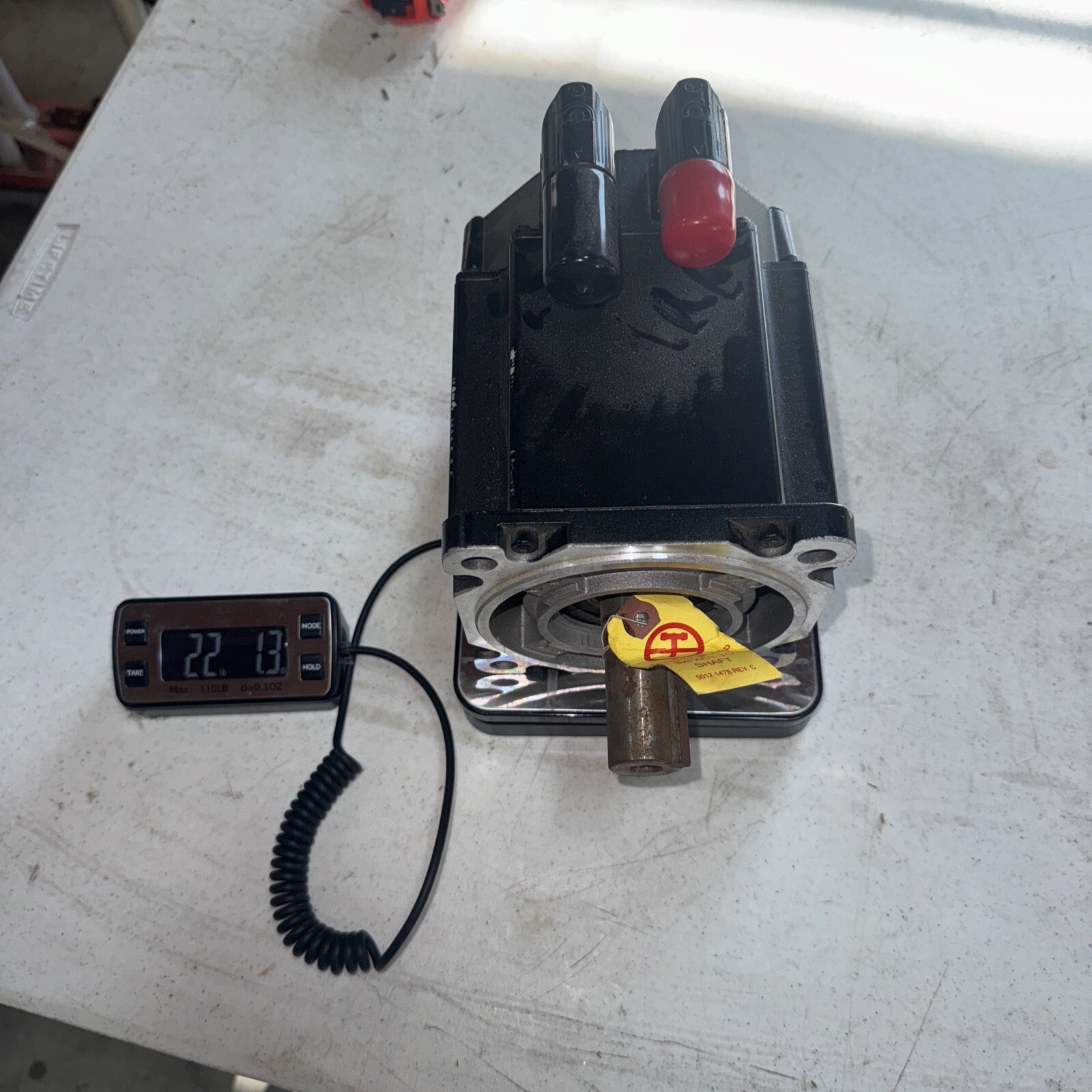 Allen-Bradley Servo Motor MPL-B520K-MJ72AA New Open box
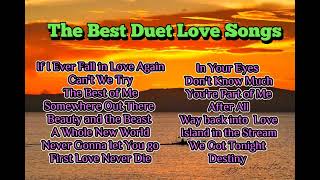 The Best Duet Love Songs Collection [upl. by Borroff838]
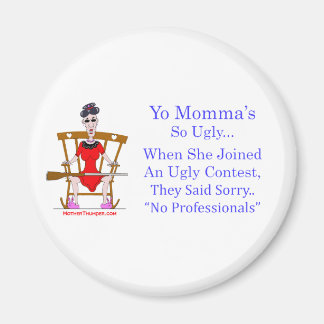 Yo Momma # 04 Magnet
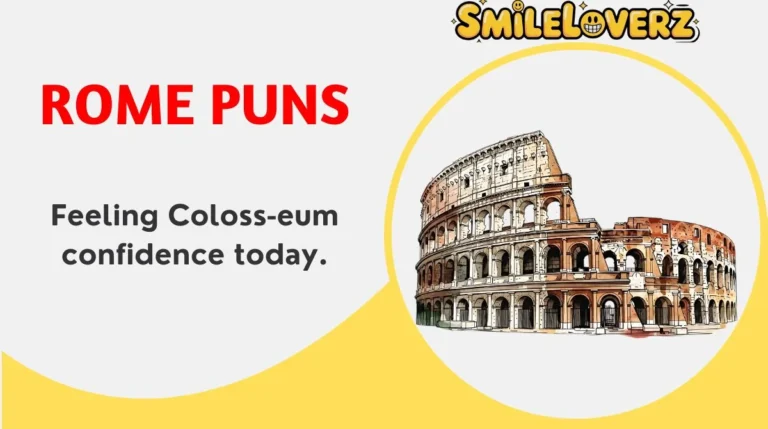 Rome Puns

═══

Problem description - Repeat the listing above exactly, omitting the pictures it contains.

Response -
 Allen-Bradley Servo Motor MPL-B520K-MJ72AA New Open box
 The Best Duet Love Songs Collection [upl. by Borroff838]
 Yo Momma # 04 Magnet
 Rome Puns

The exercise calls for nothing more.